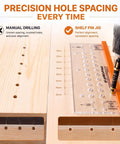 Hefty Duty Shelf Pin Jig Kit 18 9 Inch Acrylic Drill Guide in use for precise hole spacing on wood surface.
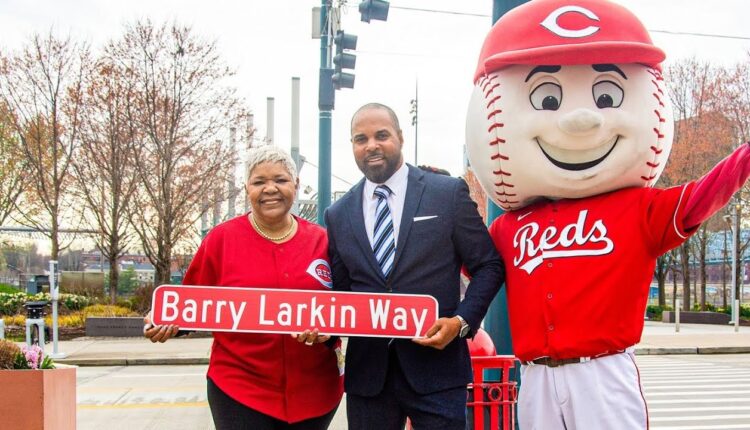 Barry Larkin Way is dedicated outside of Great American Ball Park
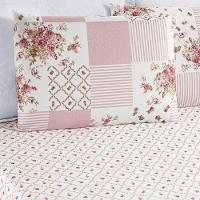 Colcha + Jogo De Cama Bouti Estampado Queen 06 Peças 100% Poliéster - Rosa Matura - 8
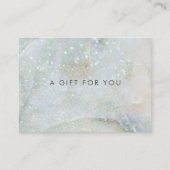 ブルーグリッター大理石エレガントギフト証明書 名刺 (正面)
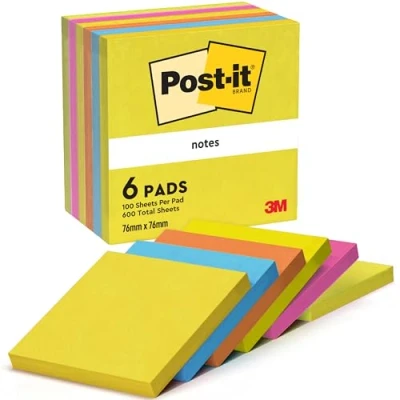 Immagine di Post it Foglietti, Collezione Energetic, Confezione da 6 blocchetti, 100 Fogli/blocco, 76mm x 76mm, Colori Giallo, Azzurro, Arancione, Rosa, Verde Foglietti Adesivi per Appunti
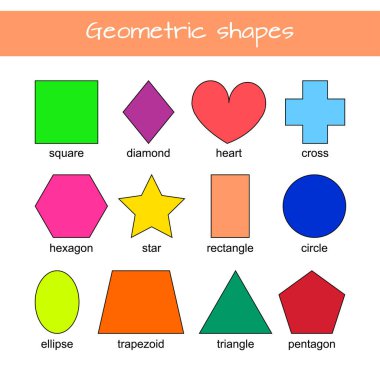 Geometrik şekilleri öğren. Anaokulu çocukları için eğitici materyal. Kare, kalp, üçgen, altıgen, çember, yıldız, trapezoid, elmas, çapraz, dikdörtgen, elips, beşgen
■ ■ ■ ■
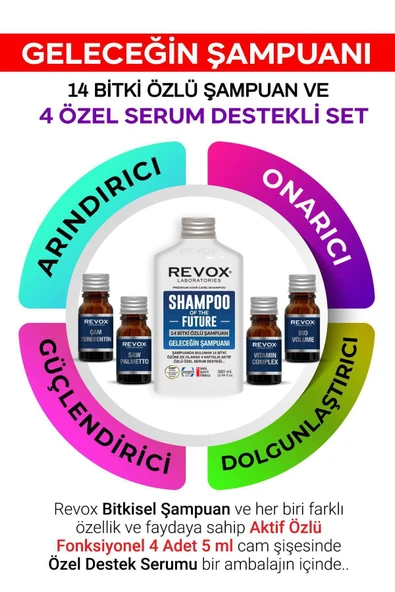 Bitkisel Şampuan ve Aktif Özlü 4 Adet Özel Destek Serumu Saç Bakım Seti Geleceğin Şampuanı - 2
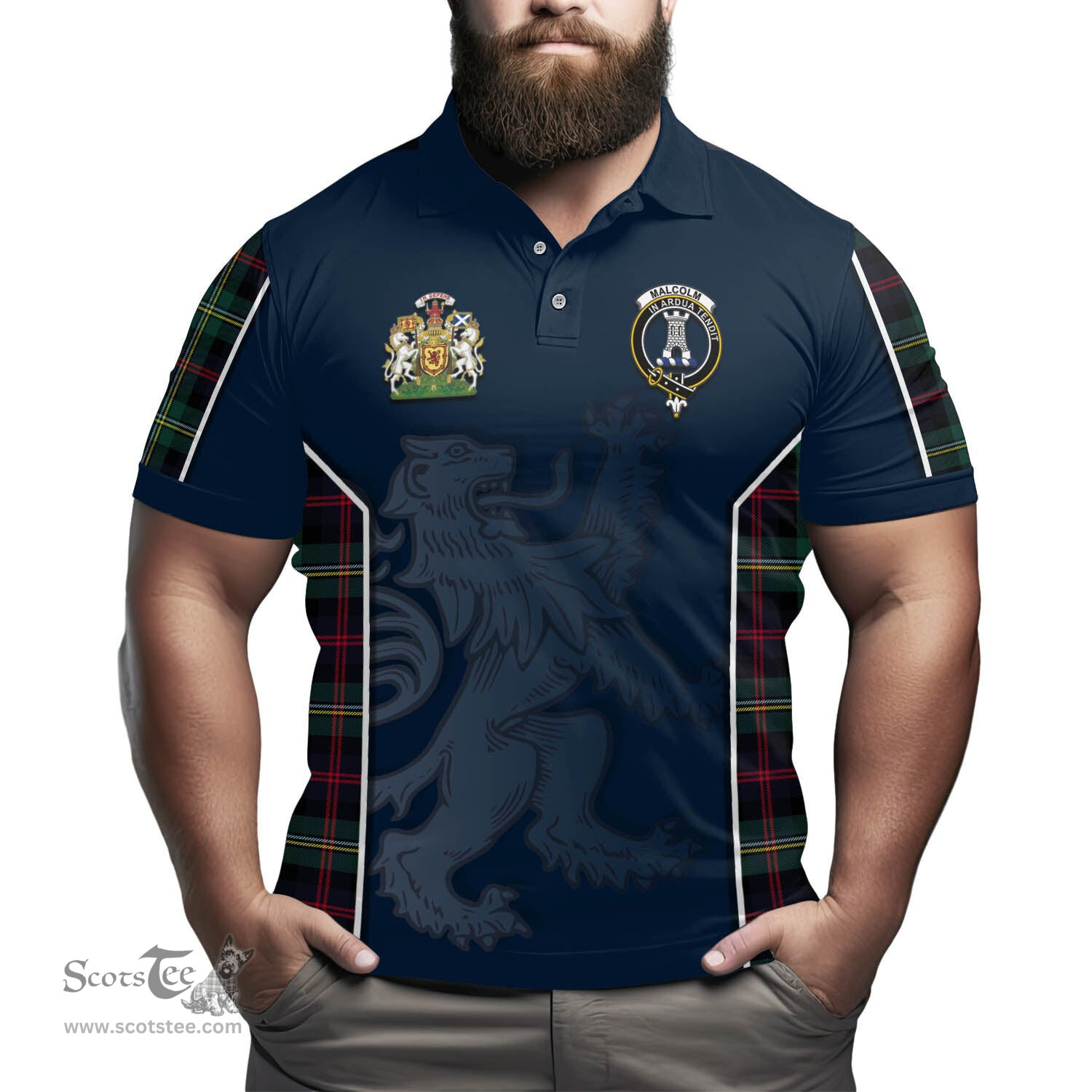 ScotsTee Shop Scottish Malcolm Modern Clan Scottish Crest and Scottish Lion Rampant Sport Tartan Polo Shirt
■ ■ ■ ■
WHAT NEEDS TO BE DONE: Look above for the line with "Hefty Duty Shelf", then print it and each line after it down to and including the line with "Immagine di Post". Leave out the pictures and keep the wording exact.

WRITTEN REPLY:
 Hefty Duty Shelf Pin Jig Kit 18 9 Inch Acrylic Drill Guide in use for precise hole spacing on wood surface.
 Barry Larkin Way is dedicated outside of Great American Ball Park
 Colcha + Jogo De Cama Bouti Estampado Queen 06 Peças 100% Poliéster - Rosa Matura - 8
 ブルーグリッター大理石エレガントギフト証明書 名刺 (正面)
 Immagine di Post it Foglietti, Collezione Energetic, Confezione da 6 blocchetti, 100 Fogli/blocco, 76mm x 76mm, Colori Giallo, Azzurro, Arancione, Rosa, Verde Foglietti Adesivi per Appunti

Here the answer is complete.